The great film and television comedian Phil Silvers is on hand to infuse the drama with much levity and even gets to show off his own skills when it comes to song and dance. I always knew Sgt. Bilko was a great funnyman but I was amazed at how well he held his own with Hayworth and Kelly in a playful musical number that has our star trio gaily making their way down a city sidewalk, feeling on top of the world even as they reside in the gutter of the New York entertainment scene. Charles Vidor, who would later direct Hayworth in another of her best-known films, Gilda, brings a rousing energy to the production numbers but never gives short shrift to the integral dramatic scenes, all beautifully shot by Allen M. Davey and Rudolph Mate. Even when the pacing sags during the second act the movie rarely looks less than gorgeous.

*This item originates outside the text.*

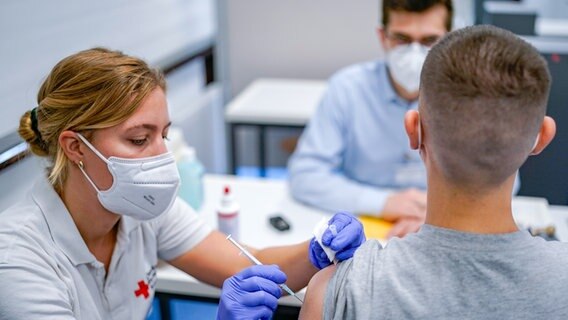 Eine Junge wird von einer Mitarbeiterin vom Deutschen Roten Kreuz geimpft. © picture alliance/dpa Foto: Axel Heimken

Twilight Time’s 1.33:1 full frame 1080p high-definition transfer looks superb with moderate amounts of grain and no noticeable pops. The print is saturated with warm, lush colors and is probably represents the best Cover Girl has looked in decades. On the audio front we get a very strong and occasionally rattling English DTS-HD Master Audio 1.0 soundtrack that keeps the quieter scenes and the boisterous production numbers nicely balanced in the volume for the most part, although sometimes you might have to turn the sound up a bit to hear the dialogue. English subtitles are included.
Other than an informative booklet of liner notes and a catalogue of other titles in the Twilight Time line (the Fright Night Blu-ray remains sold out) there are no extra features to be found on this disc.
A sweet and colorful musical that never fails to juice up some otherwise stiff proceedings with a host of jaunty show stoppers, Cover Girl is very entertaining for what it is. The snappy dialogue and dancing can’t always help quicken the movie’s occasionally glacial pacing however. Plus the $55 price tag for this disc seems even more absurd when the complete absence of supplements is taken into account. Recommended with reservations to any huge fan of old school Hollywood musicals but I’d advise against paying full price for this Blu-ray.